No prosecutor was present because of the terms of the meeting, Holmes said.
“This was done to supply our expert witness with all the information available in rendering his opinion, and to thoroughly prepare the case for trial,” Holmes’ office said in a prepared statement Wednesday.
Holmes defended the decision to keep prosecutors from attending the meeting, saying he didn’t want to risk tainting the case if it had gone forward to trial.
Bragg, after the meeting, decided to “turn a 180,” Holmes said, noting that he was “completely unimpressed” with Bragg.
In a Nov. 21 report, Bragg wrote of the third kick: “I believe that the kick in fact contacted and glanced off of Hoston’s shoulder prior to possibly contacting his head.”
Bragg wrote that he now believed Lee’s use of force was acceptable and fell within training parameters, although the third kick was “not the best tactic available.”
Efforts to reach Bragg, whose office voice mail says he is away until next week, were unsuccessful.
The alternative of finding a different expert would lead to a “battle of the experts,” with the defense able to call Bragg as a witness, Holmes said.
Offenbecher declined to comment Wednesday night, except to say Holmes “did the right thing” in dropping the case.
Buck, reached Wednesday night, said he was in the room with Bragg as Lee’s attorney in the civil case.
Buck said he was there at Offenbecher’s invitation to view the video and gauge Bragg’s reaction to it.
Buck said he knew that the video could be relevant to his defense in the civil case and that Bragg could even be a witness.

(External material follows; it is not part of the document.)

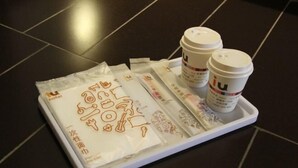 A tray with two coffee cups and a set of stickers on a dark tiled floor. - IU Hotel (Fengdu County)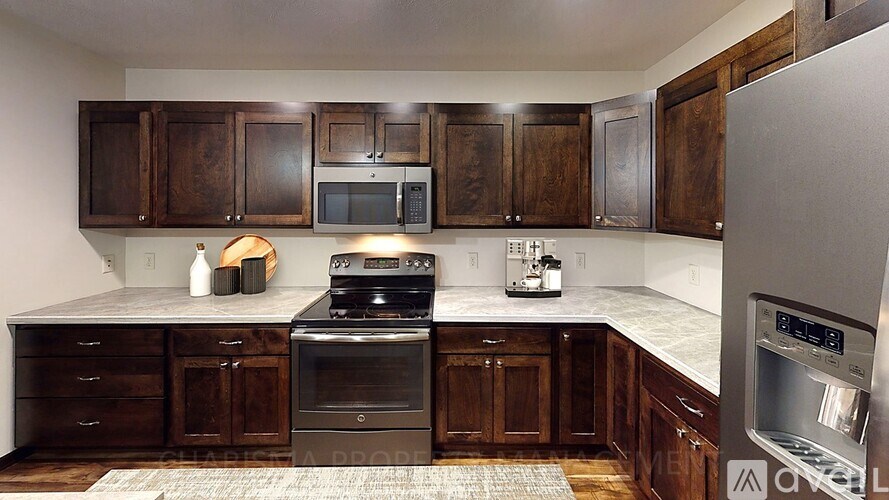 A kitchen with dark wood cabinets and stainless steel appliances.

But Buck said he played no role in Bragg’s turnabout, although he conceded it didn’t hurt his defense.
“Offenbecher’s interest is to get (Lee) out of the criminal case, and I certainly would have no reason to want that prosecution to go forward,” Buck said. “I have a contrary obligation in the civil case than (Holmes’) office does in the criminal case. But that does not mean there is a conflict.”
Buck insisted there was no undue influence placed on Bragg by his presence.
“I’ve known Bob Bragg for years,” Buck said. “I’m not persuasive enough to chase him off what he believes is the truth.”